Please return, with no alterations, the lines below from the very first through the one that contains "making u s foreign".

[Short text fragments from websites]
····················
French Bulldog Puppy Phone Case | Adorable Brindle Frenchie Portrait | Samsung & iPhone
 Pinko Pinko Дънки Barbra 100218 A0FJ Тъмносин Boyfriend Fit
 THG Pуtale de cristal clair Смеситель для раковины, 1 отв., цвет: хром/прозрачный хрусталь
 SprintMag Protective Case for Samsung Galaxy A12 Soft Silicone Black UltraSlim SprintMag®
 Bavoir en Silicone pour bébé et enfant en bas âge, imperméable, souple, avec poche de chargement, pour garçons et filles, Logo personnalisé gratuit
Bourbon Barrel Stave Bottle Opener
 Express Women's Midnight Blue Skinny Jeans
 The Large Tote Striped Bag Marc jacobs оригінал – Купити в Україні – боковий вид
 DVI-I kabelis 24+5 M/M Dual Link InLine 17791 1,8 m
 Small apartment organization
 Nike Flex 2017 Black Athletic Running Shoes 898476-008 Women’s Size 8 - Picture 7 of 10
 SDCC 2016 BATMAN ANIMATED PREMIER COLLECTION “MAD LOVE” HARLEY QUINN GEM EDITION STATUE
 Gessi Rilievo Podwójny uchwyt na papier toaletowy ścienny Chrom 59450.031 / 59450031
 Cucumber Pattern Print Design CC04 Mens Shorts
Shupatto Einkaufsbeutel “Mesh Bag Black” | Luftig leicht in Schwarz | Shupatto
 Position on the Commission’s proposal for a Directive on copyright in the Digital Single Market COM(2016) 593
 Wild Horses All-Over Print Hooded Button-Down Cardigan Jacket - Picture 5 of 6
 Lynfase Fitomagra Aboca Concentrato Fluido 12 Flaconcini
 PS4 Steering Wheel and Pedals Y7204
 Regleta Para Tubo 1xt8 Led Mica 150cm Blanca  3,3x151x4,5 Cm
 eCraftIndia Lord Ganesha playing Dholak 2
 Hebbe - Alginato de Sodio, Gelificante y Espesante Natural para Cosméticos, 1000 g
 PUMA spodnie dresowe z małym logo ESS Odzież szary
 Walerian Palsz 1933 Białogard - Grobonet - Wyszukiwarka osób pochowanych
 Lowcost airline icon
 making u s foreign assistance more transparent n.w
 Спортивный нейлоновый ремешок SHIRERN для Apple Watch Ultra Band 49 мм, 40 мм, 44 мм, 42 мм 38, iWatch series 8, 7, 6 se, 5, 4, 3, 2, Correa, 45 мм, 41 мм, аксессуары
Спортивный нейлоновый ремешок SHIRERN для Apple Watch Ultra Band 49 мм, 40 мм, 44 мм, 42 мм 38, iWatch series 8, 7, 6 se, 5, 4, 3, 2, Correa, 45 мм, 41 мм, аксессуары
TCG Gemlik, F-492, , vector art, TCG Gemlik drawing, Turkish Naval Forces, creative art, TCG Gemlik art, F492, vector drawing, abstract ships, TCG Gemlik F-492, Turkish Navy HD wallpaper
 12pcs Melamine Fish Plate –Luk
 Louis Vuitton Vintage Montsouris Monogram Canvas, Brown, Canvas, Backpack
····················
* _ANSWER BOX_
French Bulldog Puppy Phone Case | Adorable Brindle Frenchie Portrait | Samsung & iPhone
 Pinko Pinko Дънки Barbra 100218 A0FJ Тъмносин Boyfriend Fit
 THG Pуtale de cristal clair Смеситель для раковины, 1 отв., цвет: хром/прозрачный хрусталь
 SprintMag Protective Case for Samsung Galaxy A12 Soft Silicone Black UltraSlim SprintMag®
 Bavoir en Silicone pour bébé et enfant en bas âge, imperméable, souple, avec poche de chargement, pour garçons et filles, Logo personnalisé gratuit
Bourbon Barrel Stave Bottle Opener
 Express Women's Midnight Blue Skinny Jeans
 The Large Tote Striped Bag Marc jacobs оригінал – Купити в Україні – боковий вид
 DVI-I kabelis 24+5 M/M Dual Link InLine 17791 1,8 m
 Small apartment organization
 Nike Flex 2017 Black Athletic Running Shoes 898476-008 Women’s Size 8 - Picture 7 of 10
 SDCC 2016 BATMAN ANIMATED PREMIER COLLECTION “MAD LOVE” HARLEY QUINN GEM EDITION STATUE
 Gessi Rilievo Podwójny uchwyt na papier toaletowy ścienny Chrom 59450.031 / 59450031
 Cucumber Pattern Print Design CC04 Mens Shorts
Shupatto Einkaufsbeutel “Mesh Bag Black” | Luftig leicht in Schwarz | Shupatto
 Position on the Commission’s proposal for a Directive on copyright in the Digital Single Market COM(2016) 593
 Wild Horses All-Over Print Hooded Button-Down Cardigan Jacket - Picture 5 of 6
 Lynfase Fitomagra Aboca Concentrato Fluido 12 Flaconcini
 PS4 Steering Wheel and Pedals Y7204
 Regleta Para Tubo 1xt8 Led Mica 150cm Blanca  3,3x151x4,5 Cm
 eCraftIndia Lord Ganesha playing Dholak 2
 Hebbe - Alginato de Sodio, Gelificante y Espesante Natural para Cosméticos, 1000 g
 PUMA spodnie dresowe z małym logo ESS Odzież szary
 Walerian Palsz 1933 Białogard - Grobonet - Wyszukiwarka osób pochowanych
 Lowcost airline icon
 making u s foreign assistance more transparent n.w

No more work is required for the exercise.